BI Connector: Mapping Document Structures to Relational Schema - Part 1

Building visual dashboards from a MongoDB flexible data store using standard SQL BI tools can be a challenge. Is complex ETL and manual intervention the only way to build such dashboards? Absolutely not! The MongoDB Connector for Business Intelligence (BI) allows users to create queries with SQL and visualize, graph, and report on their MongoDB data using existing relational business intelligence tools.

At its core, the MongoDB BI Connector performs a transformation of data from MongoDB's flexible documents to SQL's rigid schema of tables, rows and columns. That transformation is what allows users of the BI Connector to leverage the various SQL-focused BI tools. Knowing how BI Connector performs this and how you can take control of it is key to extracting the maximum value from it.

In this article, we'll look at how the BI connector automatically creates its schema mapping and how to control it to create the meaningful tables that will help you extract better insights from your MongoDB data.

The BI Connector has long supported the sharing of schema files (DRDL files - Document Relational Definition Language defines a relational view of a MongoDB schema). It has, though, previously relied on manually sharing the files between various users and manually managing the different versions needed. The latest enhancement to the BI Connector removes that manual management issue by storing the DRDL files where they can best be shared with different personas: in the MongoDB database itself.

In order to query MongoDB using SQL via the BI Connector, it is first necessary to map collection document structures to a relational schema which can be examined and queried using SQL client applications.

Schema Mapped from Sampled Documents

By default, the BI Connector handles this mapping automatically in what we call “standalone mode.” In standalone mode, the BI Connector randomly samples collection documents and maps a relational schema based on the underlying document structure.

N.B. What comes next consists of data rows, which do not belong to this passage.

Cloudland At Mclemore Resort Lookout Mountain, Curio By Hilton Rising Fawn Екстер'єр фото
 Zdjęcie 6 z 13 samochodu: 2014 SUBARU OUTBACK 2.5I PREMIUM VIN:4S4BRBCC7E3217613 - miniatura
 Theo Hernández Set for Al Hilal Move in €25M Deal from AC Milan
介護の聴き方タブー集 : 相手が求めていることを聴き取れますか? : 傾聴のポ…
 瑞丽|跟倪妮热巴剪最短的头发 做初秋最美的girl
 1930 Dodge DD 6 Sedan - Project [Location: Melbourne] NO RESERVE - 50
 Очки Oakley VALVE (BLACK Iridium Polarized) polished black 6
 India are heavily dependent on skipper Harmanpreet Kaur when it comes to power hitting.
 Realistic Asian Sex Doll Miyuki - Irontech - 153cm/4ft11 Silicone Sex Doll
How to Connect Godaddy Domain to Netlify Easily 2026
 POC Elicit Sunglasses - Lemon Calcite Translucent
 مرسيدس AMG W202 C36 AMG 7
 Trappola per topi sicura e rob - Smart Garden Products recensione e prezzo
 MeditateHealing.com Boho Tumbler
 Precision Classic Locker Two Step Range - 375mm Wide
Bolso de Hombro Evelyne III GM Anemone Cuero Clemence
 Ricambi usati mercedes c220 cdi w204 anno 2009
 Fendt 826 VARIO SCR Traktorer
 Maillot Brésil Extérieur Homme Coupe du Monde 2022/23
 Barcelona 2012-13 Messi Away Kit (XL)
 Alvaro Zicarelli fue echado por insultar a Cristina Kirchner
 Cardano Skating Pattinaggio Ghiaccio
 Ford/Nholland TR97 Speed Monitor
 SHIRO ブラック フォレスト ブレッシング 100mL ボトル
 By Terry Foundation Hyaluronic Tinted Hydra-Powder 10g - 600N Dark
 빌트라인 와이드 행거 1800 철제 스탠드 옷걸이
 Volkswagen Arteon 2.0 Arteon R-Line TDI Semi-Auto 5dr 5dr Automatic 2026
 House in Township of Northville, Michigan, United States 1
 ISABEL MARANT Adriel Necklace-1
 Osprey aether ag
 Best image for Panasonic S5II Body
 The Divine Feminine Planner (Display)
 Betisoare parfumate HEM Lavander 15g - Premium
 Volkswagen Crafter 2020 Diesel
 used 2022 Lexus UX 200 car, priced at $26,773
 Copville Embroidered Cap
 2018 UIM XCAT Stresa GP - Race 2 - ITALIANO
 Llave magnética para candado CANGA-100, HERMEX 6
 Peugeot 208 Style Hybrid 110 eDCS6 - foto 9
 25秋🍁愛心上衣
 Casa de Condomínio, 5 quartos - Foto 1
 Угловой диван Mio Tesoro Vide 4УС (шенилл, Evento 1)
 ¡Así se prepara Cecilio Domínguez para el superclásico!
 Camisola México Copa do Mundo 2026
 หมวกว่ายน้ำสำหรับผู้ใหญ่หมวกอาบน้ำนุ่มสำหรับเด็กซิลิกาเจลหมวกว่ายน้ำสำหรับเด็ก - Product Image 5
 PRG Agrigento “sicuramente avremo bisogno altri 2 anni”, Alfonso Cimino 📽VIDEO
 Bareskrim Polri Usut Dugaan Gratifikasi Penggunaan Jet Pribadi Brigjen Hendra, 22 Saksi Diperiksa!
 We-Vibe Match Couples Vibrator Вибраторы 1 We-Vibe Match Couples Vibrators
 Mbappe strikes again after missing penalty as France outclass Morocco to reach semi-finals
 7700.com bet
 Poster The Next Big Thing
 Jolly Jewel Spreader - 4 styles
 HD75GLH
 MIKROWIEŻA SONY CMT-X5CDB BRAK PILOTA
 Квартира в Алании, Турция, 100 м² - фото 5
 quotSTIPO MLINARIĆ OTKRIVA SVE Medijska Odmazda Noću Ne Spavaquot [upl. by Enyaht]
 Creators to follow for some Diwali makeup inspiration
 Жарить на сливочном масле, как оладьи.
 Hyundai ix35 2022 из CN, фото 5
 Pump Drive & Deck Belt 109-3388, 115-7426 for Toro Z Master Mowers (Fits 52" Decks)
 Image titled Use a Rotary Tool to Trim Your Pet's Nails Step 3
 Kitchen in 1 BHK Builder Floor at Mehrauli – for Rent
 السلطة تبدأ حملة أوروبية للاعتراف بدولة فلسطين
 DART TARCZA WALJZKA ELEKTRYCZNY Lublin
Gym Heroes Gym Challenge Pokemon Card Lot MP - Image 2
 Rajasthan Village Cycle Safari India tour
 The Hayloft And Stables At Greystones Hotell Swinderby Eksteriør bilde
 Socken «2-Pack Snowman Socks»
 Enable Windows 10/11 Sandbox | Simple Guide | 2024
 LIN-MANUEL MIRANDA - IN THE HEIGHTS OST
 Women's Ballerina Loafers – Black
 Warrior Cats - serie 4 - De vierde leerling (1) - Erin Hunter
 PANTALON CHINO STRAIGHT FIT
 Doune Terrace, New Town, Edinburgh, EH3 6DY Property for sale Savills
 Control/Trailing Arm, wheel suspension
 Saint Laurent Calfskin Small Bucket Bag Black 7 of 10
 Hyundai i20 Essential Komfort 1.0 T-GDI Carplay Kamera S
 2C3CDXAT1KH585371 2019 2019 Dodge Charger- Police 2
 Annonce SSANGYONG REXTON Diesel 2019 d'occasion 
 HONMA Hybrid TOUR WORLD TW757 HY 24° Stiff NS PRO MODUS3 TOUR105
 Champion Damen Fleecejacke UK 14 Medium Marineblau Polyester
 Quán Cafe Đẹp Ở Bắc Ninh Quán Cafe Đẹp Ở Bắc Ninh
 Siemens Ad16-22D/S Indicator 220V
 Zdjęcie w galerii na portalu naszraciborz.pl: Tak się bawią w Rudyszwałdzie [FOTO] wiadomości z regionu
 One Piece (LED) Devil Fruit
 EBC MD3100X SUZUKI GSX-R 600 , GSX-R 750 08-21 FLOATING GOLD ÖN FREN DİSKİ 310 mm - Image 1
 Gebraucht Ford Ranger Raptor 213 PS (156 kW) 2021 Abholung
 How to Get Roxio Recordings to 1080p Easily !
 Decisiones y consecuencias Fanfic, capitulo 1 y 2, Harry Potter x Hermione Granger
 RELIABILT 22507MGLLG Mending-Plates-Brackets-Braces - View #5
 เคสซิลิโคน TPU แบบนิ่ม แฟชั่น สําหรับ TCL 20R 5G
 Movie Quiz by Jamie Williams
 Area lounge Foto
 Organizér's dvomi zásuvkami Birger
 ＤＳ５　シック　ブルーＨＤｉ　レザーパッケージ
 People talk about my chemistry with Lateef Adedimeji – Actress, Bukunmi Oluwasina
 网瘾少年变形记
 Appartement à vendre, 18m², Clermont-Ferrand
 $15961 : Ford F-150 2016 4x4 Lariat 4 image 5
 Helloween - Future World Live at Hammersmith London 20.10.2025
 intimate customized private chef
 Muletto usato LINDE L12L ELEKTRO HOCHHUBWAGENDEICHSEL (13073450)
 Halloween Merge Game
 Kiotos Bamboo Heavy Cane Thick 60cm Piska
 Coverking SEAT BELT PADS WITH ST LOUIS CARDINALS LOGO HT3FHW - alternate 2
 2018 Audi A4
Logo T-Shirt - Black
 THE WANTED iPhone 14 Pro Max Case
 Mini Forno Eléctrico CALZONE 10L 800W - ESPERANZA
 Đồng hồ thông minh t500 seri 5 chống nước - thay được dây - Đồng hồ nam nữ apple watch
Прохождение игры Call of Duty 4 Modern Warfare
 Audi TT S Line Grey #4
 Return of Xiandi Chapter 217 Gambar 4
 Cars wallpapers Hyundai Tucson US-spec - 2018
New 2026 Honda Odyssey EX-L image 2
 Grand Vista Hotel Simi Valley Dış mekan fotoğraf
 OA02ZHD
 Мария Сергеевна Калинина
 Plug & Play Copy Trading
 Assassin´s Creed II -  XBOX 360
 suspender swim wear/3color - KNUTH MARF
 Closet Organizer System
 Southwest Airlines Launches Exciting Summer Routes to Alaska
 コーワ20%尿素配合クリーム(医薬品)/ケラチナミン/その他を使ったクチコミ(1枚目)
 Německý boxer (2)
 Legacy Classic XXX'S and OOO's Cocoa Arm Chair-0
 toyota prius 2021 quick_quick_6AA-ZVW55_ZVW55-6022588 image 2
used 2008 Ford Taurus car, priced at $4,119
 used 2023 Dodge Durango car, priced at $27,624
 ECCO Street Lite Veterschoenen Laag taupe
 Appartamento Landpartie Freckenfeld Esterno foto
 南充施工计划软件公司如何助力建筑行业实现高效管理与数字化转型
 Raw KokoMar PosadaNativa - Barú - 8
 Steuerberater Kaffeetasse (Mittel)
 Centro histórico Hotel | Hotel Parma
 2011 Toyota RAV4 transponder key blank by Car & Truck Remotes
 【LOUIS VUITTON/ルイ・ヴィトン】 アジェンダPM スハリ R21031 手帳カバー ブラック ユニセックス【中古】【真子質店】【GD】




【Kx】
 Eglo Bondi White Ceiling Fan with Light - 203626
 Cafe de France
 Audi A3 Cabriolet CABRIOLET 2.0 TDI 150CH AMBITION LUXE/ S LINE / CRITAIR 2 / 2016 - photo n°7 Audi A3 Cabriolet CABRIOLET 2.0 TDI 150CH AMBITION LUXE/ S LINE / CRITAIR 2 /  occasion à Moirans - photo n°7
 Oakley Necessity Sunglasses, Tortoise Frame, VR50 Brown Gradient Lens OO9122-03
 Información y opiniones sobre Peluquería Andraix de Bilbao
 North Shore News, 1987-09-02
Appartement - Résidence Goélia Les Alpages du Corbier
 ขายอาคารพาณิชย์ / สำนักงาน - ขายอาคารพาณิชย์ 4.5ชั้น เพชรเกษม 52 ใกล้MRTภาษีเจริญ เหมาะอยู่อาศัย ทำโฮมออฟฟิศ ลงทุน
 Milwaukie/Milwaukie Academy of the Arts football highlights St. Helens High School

This mapping logic accounts for rich document structures and creates a relational schema that includes root tables for top-level document data, and sub-tables that represent embedded objects and arrays.

In many cases, this default sampling logic is sufficient to provide SQL client applications direct access to MongoDB. However, when working with complex document structures, it may be desirable to define customized mappings to meet the specific needs of connecting client applications.

Customizing Schema

Consider the following document:

{
  "_id": ObjectId("5bfabde76f280102ddf27969"),
  "band": "Slayer",
  "formation": {
    "year": ISODate("1982-01-01T00:00:00Z"),
    "city": "Los Angeles"
  },
  "popular_albums": [
    "Show No Mercy!",
    "Seasons in the Abyss",
    "Haunting the Chapel",
    "Divine Intervention"
  ],
  "members": [
    {
      "name": "Tom Araya",
      "dob": ISODate("1961-06-06T07:00:00Z"),
      "primary_instrument": "Bass/Vocals"
    },
    {
      "name": "Kerry King",
      "dob": ISODate("1964-06-03T07:00:00Z"),
      "primary_instrument": "Guitar"
    },
    {
      "name": "Jeff Hanneman",
      "dob": ISODate("1964-01-31T08:00:00Z"),
      "primary_instrument": "Guitar"
    },
    {
      "name": "Dave Lombardo",
      "dob": ISODate("1965-02-16T08:00:00Z"),
      "primary_instrument": "Drums"
    }
  ]
}

Standalone Sampling Schema Logic

In standalone mode where document-to-relational mapping is done via sampling, the BI Connector maps the following table and sub-tables:

mysql> show tables;
+-----------------------------------------+
| Tables_in_sql                           |
+-----------------------------------------+
| bands                                   |
| bands_members                           |
| bands_popular_albums                    |

Table details:

bands:

mysql> describe bands;
+----------------+----------------+------+------+---------+-------+
| Field          | Type           | Null | Key  | Default | Extra |
+----------------+----------------+------+------+---------+-------+
| _id            | varchar(24)    | YES  | PRI  | NULL    |       |
| band           | varchar(65535) | YES  |      | NULL    |       |
| formation.city | varchar(65535) | YES  |      | NULL    |       |
| formation.year | datetime       | YES  |      | NULL    |       |
+----------------+----------------+------+------+---------+-------+
4 rows in set (0.08 sec)

NOTE: Given that the “formation” field contains a single object in a 1:1 relationship with top-level document fields, the embedded object’s fields are mapped to the root table.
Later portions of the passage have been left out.